I know it’s too early to even start thinking about the invitations seriously (the date is set for July 28 of next year), but as I started to consider what I’d do for a save-the-date I realized that I wanted them to compliment my actual invites, which meant . . . it was time to make some decisions.
I’ve collected invitations that have caught my attention over the past 10 years, so my first step was to go through my “invite box” with my mom. What I realized was nothing consequential: Essentially, I liked a lot of different styles, but didn’t LOVE anything. So we decided the next step should be to actually hit the stores.
Over Labor Day, I visited a paper boutique in Chicago to scope things out.
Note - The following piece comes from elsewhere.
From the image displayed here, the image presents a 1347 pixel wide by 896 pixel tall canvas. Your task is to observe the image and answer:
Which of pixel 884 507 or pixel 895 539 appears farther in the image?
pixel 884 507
After about an hour of flipping through books and picking out elements I liked—but again, didn’t love—my mom declared this was going to be a more difficult process that we initially thought. Who knew I cared so much about paper? I left Chicago disheartened, so after touching down in Minneapolis on Labor, literally from the plane, I dialed up Antoinette, owner of Paperista. Thankfully, she was in, and though they were technically closed, I think she could sense my desperation and told me to stop by that afternoon. (My mom was pretty adamant that we get the invites in the mail before Thanksgiving, so my time was ticking down.)
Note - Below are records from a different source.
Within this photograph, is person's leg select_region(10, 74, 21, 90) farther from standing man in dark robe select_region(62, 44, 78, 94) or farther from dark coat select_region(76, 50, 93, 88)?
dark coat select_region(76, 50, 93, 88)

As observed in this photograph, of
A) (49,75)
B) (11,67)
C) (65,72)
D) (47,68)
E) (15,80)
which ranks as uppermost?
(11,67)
Armed with my stack of save-the-dates from my “wedding box,” the Fiance’s sister and I hit 50th & France for our meeting at the Paperista storefront. I sat down and explained to Antoinette what I wanted: something traditional, with a wow factor, that had elements of today’s trends but also would be timeless. Sure, piece of cake. I’m not difficult at all.
We started with the Crane book and worked our way through Smock, Oblation, Monique Lhuillier, and goodness knows what else. For anyone who is thinking about invites, here’s what I deduced: Smock is probably the trendiest letterpress company out there right now (I’ve received three Smock invites in the past six months), but they also have a very distinct look, so I wanted to avoid them if at all possible—I like to be different. I also know that I want the “royalty” size (the really big one) for my actual invitation and Smock doesn’t get that large. Crane has a number of timeless options, but I wasn’t finding the perfect wow factor. There was one invite that had a script I liked and was royalty sized, but it just didn’t pack that extra punch. Monique Lhuillier’s invites were beautiful, but you can’t customize them, and since I’m all about picking and choosing what I like, I crossed her off the list as well.
After about an hour and a half of looking through books, Antoinette and I deduced that custom might be the way to go. She had a handle on what I liked and didn’t like after all my hemming and hawing, so I returned two days later with both the MOB and MOG in tow and we all worked on creating our ideal save-the-date (with the invitation in mind). I felt confident that the custom service would be able to completely encapsulate my vision and remain within my budget.
The beauty, I’ve found, with custom is that we’re working to create elements that will work throughout our entire wedding. The little embellishment that I’d like to see embossed on the bottom of my invites will also be on the envelope liner of my save-the-dates. The color schemes are the same, but each element has its own identity. And the best part? I get to see proofs and work with the designer to make it exactly how I like it.
We just got the first proof last night—I can’t tell you how exciting it was top open that ‘lil e-mail. And after just a few small tweaks, we should be good to go. Once they're in the mail, I'll be sure to share them!
One more thing checked off the never ending list!